Last but not least, PCMark 8 Storage shows two very conflicting views. In terms of pure bandwidth (throughput), the numbers are similar to our file copy test. This is what happens when the bottleneck is your storage subsystem. But if you're doing lots of other things, which is how most people use their PCs, the overall PCMark 8 Storage score reflects this. The SSD 750 delivers 80 percent higher throughput compared to a single 850 Pro, but in the overall Score metric it's only 1.6 percent faster. This is why, for many users, going out and spending a lot of money on the fastest SSDs isn't really necessary. If you're just surfing the Internet, playing some games, and doing everyday Microsoft Office work, an SSD will still feel a lot snappier than a hard drive… but even a slow SSD will feel about the same as the fastest SSD.
Storage Matters
With the stage now set, we're ready to start posting new SSD reviews. Ideally, we love the performance offered by NVMe drives, and we're certainly looking forward to Intel and Micron's XPoint Technology. They've told us that we should see consumer and enterprise class SSDs using XPoint in 2016, which is awesome… but we'll believe it when we see it. Unfortunately, for the vast majority of users, the cost of current NVMe drives is very high, plus you need a compatible motherboard. That means SATA is still a viable option, and in many cases it may simply be the best solution.
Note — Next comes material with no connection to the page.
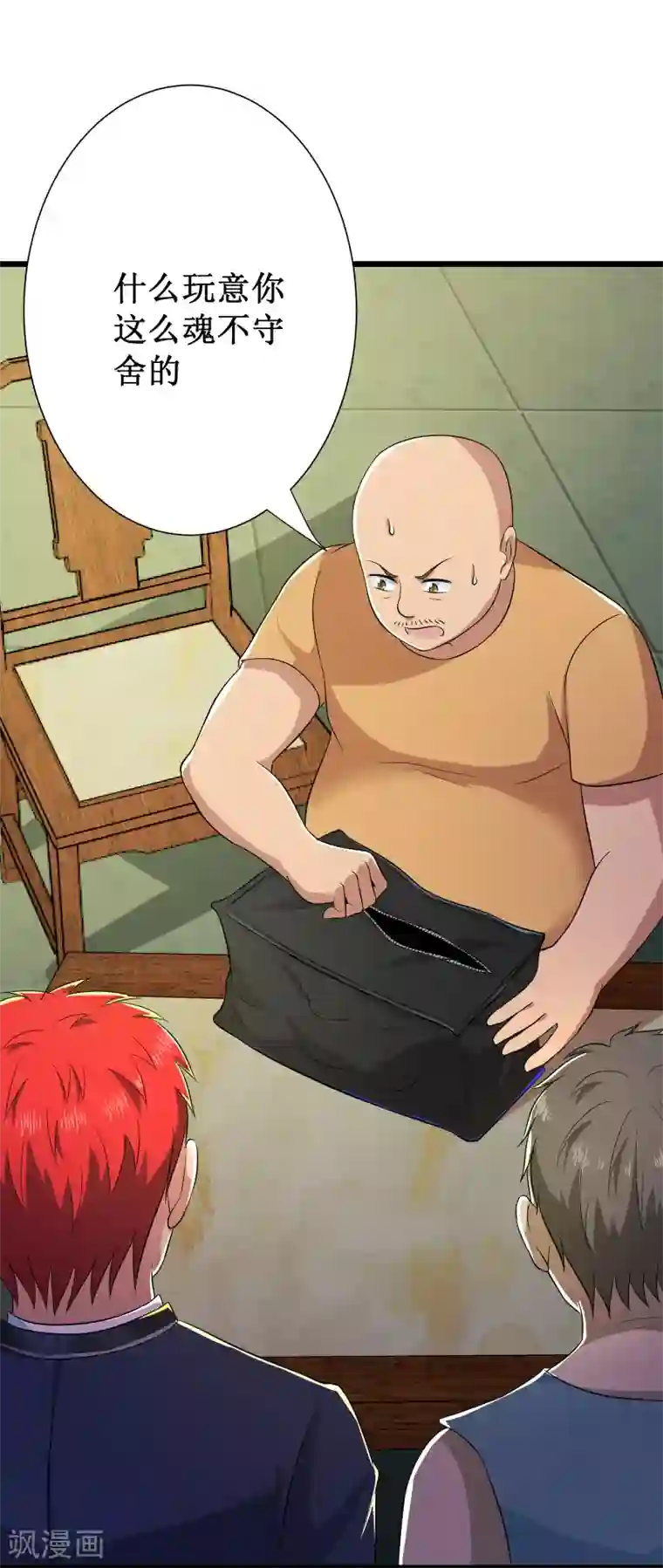 校花的最强特种兵第107话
Do you want a 1.2TB Intel SSD 750 taking up a PCIe slot, or would you rather save $600 and give up a bit of capacity and a moderate amount of real-world performance by going with a 1TB 850 Pro? Or save an additional $100 and move to the 1TB 850 EVO? Our benchmarks also show that sticking two SSDs together in RAID 0 can definitely improve performance over a single drive, so if you're not space constrained that's a compelling alternative to expensive hardware.
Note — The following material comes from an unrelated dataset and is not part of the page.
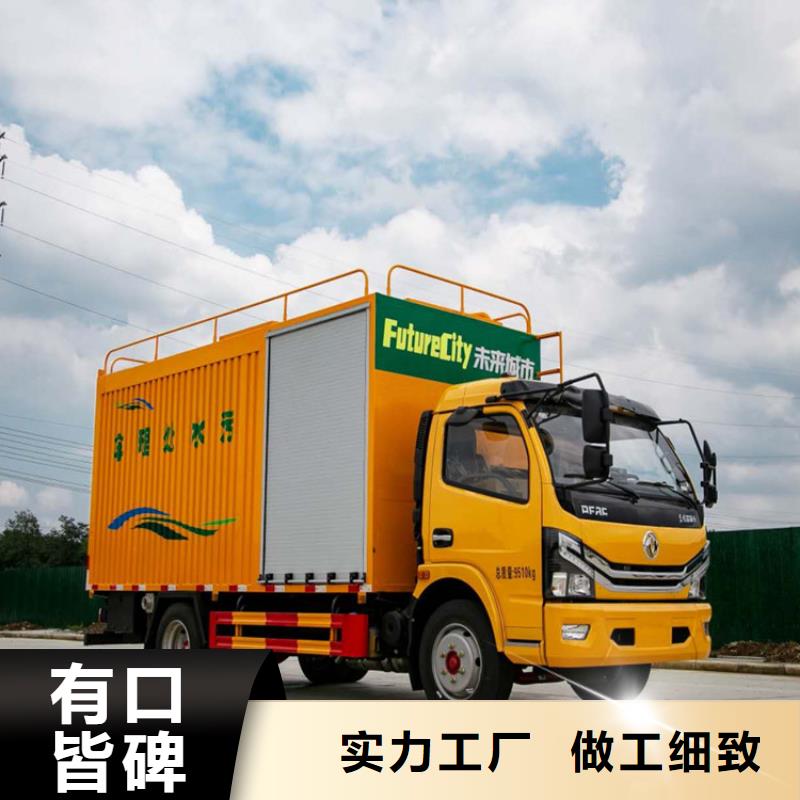  吸污净化车大厂生产品质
As we go forward with SSD reviews, these drives are the heavyweights that you need to beat. If you make an NVMe drive that costs as much as the Intel SSD 750, it needs to at least equal it on performance and features. Alternatively, less expensive NVMe offerings that clearly beat SATA drives but may not reach the top of the charts are worth considering. On the SATA side of things, the Samsung 850 Pro and 850 EVO deliver great performance, with the EVO priced extremely competitively. Drives either need to beat Samsung on price, features, and/or performance to stand a chance.
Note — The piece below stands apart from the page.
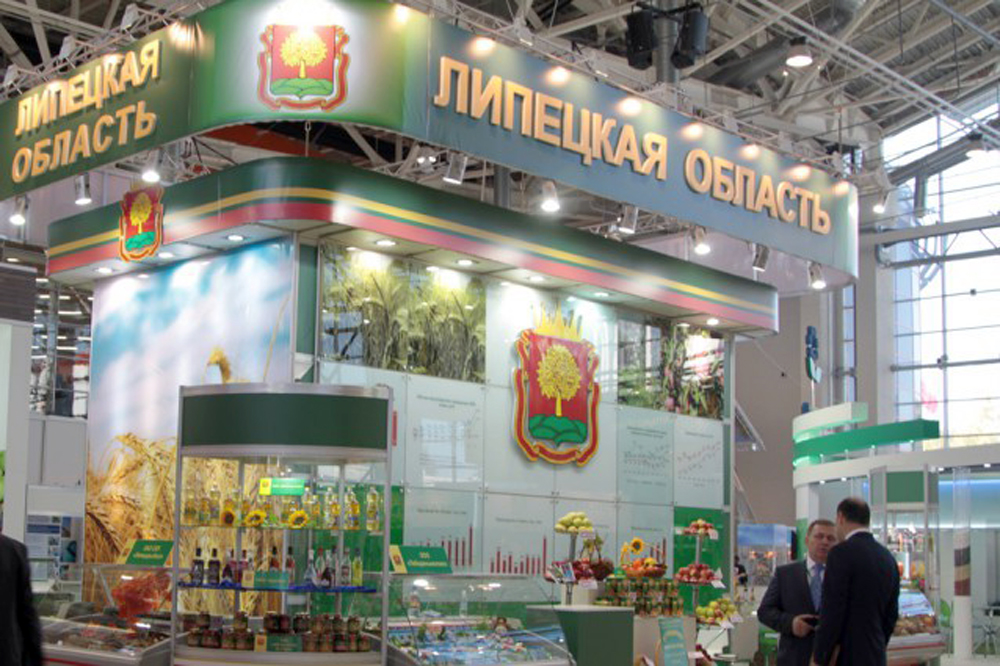 Липецкая область приняла участие в выставке «АГРОРУСЬ-2015» и третьем Всероссийском съезде сельских кооперативов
Given the newness of NVMe and M.2 drives, along with their associated cost and hardware requirements, there's still a big market for SATA drives. Perhaps by the time Cannonlake rolls out, we'll see pricing on NVMe drives reach the point where they're no longer out of reach of mainstream users. And if we're lucky, we'll also have an interface to our storage devices with enough bandwidth to run multiple NVMe drives at full performance. With 3D-NAND, XPoint, and other new technologies, the next couple of years in the SSD arena are sure to prove exciting.